Successivamente all’ispezione, i Carabinieri hanno approfondito lo studio dei documenti acquisiti, svolgendo anche servizi di osservazione e raccogliendo dichiarazioni testimoniali per chiarire una situazione che, effettivamente, appariva ancora più grave di come si era inizialmente presentata. Infatti, gli operanti hanno potuto accertare che il datore di lavoro, approfittando dello stato di bisogno di persona disoccupata e con famigliari a carico, aveva reclutato una delle due cameriere trovate il giorno del primo accesso, ma hanno anche verificato che anche una seconda lavoratrice, ormai da qualche tempo non più impiegata presso quel ristorante, si trovava nei mesi precedenti nella stessa situazione.

 

Tutte e tre le donne, italiane residenti in zona, erano comunque sempre state impiegate “in nero” nel ristorante con mansioni di cuoca, barista e cameriera. Due di loro, però, sono state sottoposte nel tempo a condizioni di autentico sfruttamento. Infatti, è emerso in maniera evidente che alle lavoratrici era stata reiteratamente corrisposta una retribuzione estremamente ridotta, circa 150 euro a settimana, compenso palesemente difforme da quanto previsto dal contratto collettivo nazionale “turismo/pubblici esercizi”, riferito alle organizzazioni sindacali più rappresentative a livello nazionale e, comunque sproporzionata rispetto alla quantità e qualità del lavoro prestato.
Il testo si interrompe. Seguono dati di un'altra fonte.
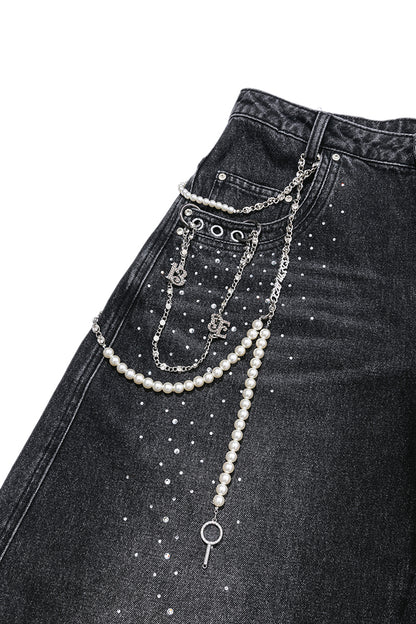 13DE MARZO Faux Rhinestones Pearl Chains Jeans Black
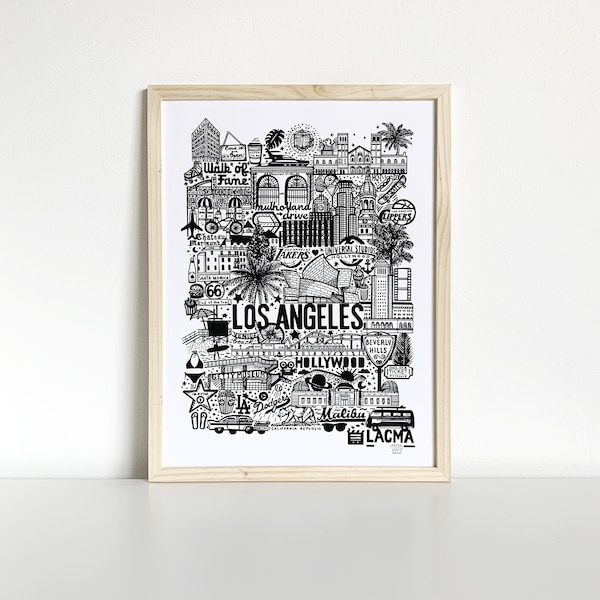 LOS ANGELES  Sérigraphie en noir & blanc  Illustration de voyage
Inoltre, è anche emerso che i turni di lavoro cui le donne venivano quotidianamente sottoposte erano notevolmente superiori a quanto disposto dalla normativa relativa all’orario di lavoro, ma anche che non venivano mai garantiti gli spettanti periodi di riposo infrasettimanale, analogamente alle ferie, mai concesse.

 

La gravità del quadro emerso è stata puntualmente rapportata alla Magistratura vercellese, che ha pienamente condiviso la tesi degli operanti, tanto che il GIP del Tribunale di Vercelli si è pronunciato disponendo il sequestro preventivo del locale, eseguito il 6 giugno scorso dai militari che hanno condotto le indagini.

 

Nel momento della notifica del sequestro, i militari dell’ispettorato del Lavoro e della Stazione di Casanova Elvo hanno però constatato una ulteriore novità che ha destato sorpresa. Il datore di lavoro aveva dovuto sanare l’irregolarità relativa al lavoro nero rilevata durante la precedente ispezione, ma ha di fatto regolarizzato la posizione delle due attuali cameriere con un contratto di lavoro part-time, ma nel corso dei giorni le condizioni di impiego non erano per nulla mutate, lo stipendio era sempre quello, come di fatto non erano diminuite le ore di lavoro e per quel che riguarda i riposi o le ferie…. nemmeno a parlarne.

 

Pertanto, nelle more delle ulteriori valutazioni della Magistratura, il locale rimane in sequestro. L’imprenditore rischia sanzioni amministrative che potrebbero ammontare a circa 25.000 euro e un recupero di oneri contributivi previdenziali di oltre 50.000 euro.